#### What you are asked to do
Beneath this instruction is a listing. Transcribe from it only the stretch from the line with "Intricate and glittering" through the line with "Paoloni Man Turtleneck", both end lines included, exactly as written.

Data to examine START

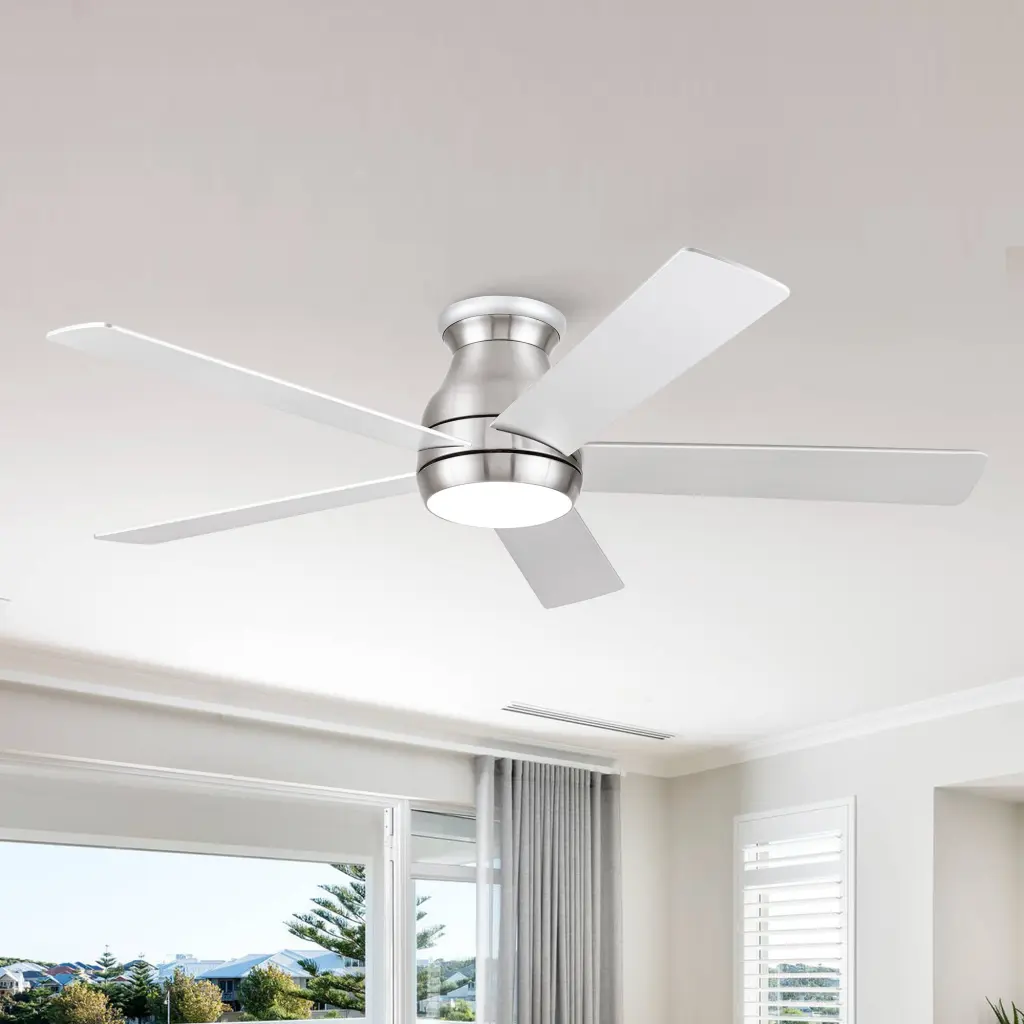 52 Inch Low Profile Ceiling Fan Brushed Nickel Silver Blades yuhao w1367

Data to examine END
Data to examine START

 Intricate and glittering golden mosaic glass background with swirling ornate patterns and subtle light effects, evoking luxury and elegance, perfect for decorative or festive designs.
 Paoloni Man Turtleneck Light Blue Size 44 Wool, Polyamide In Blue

Data to examine END

#### Exercise response
 Intricate and glittering golden mosaic glass background with swirling ornate patterns and subtle light effects, evoking luxury and elegance, perfect for decorative or festive designs.
 Paoloni Man Turtleneck Light Blue Size 44 Wool, Polyamide In Blue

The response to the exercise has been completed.